Yesterday's first engine "burn" began about 11:56 p.m. Saturday and continued for 21 minutes and 28 seconds, lowering the satellite's orbit perigee, or closest passage to Earth, from about 186 miles to about 96 miles.

The crucial firing, though, was the last, and the longest, which was to lower the perigee to where the craft would make its dive into the atmosphere. At 1:22 a.m., reentry conductor Tom Quinn counted down to "mark," and the order to fire Compton's orbit adjust thrusters was sent.

From Africa to the mid-Pacific, the engines fired, until they shut down at 1:52 a.m. Things then grew even more tense as the controllers, having fired the last burn, waited to see whether it worked.

Quinn began calling out the satellite's descending altitude in kilometers--"240 . . . 225 . . . 210 . . . 151 . . . 138 . . . 124." He also began nervously polling other controllers for signs, in temperature or alignment, that the spacecraft was undergoing reentry: "Hey, see anything yet?"

"I think it's going to start to go down pretty quickly here," he said at one point. "We ramp down very fast. . . . From 138 to 80 takes about five minutes. We're about to hit the wall."

Suddenly, another controller in the room radioed that the spacecraft's temperature had "jumped up about 40 degrees in the last 10 seconds." A second quickly reported that Compton had started tumbling. Then a third: "We've lost lock."

And that was it. The spacecraft's final moments were played out in silence, its communication with the ground gone for good.
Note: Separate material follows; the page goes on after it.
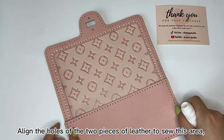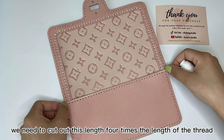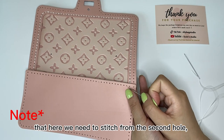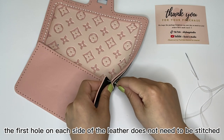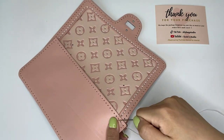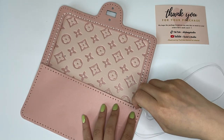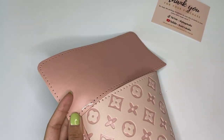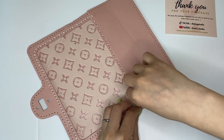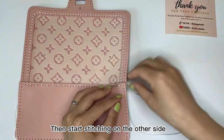Then we find this leather. Align the holes of the two pieces of leather to sew this area. We need to cut out four times the length of the thread. Thread the ends of the two needles in the same way as before and start stitching. Note that we need to stitch from the second hole — the first hole on each side of the leather does not need to be stitched. Continue to sew, keeping these parts stitched. Remember to start stitching at the pinhole, then start stitching on the other side.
The controllers began to push their chairs back from their consoles and shake hands.

Quinn went around the room and asked everyone for a final comment. "We've pretty much completed our side of the mission," he said, " . . . over and out."

Afterward, Neil Gehrels, the Compton project scientist who narrated the reentry event, said it had been agony to watch.
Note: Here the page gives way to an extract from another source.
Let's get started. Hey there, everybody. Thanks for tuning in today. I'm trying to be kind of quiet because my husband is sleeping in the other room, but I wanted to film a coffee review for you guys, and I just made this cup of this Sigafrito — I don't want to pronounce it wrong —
"Different emotions in different rooms," he said. Whereas the controllers were glad the reentry had gone well, "I was shedding a tear in my room, as a scientist having lost the spacecraft."

"I'm disappointed that we reentered it," he said. "I think NASA headquarters folks had a difficult decision to make. I'm not going to second-guess that they made the right decision. They certainly had a lot more things than just science to think about.

"We had a lot of tough debates between the management and the scientists and the engineers, to try to figure out what the right course of action was. There were certainly differences of opinion."

Mansoor Ahmed, the reentry mission manager, noted: "Some of our engineers who are part of this team were actually involved in building this thing and designing this thing. For them, it's like putting their own child to rest.

"But they were proud of that child," he said. "The spacecraft delivered over and above anything that anyone ever expected."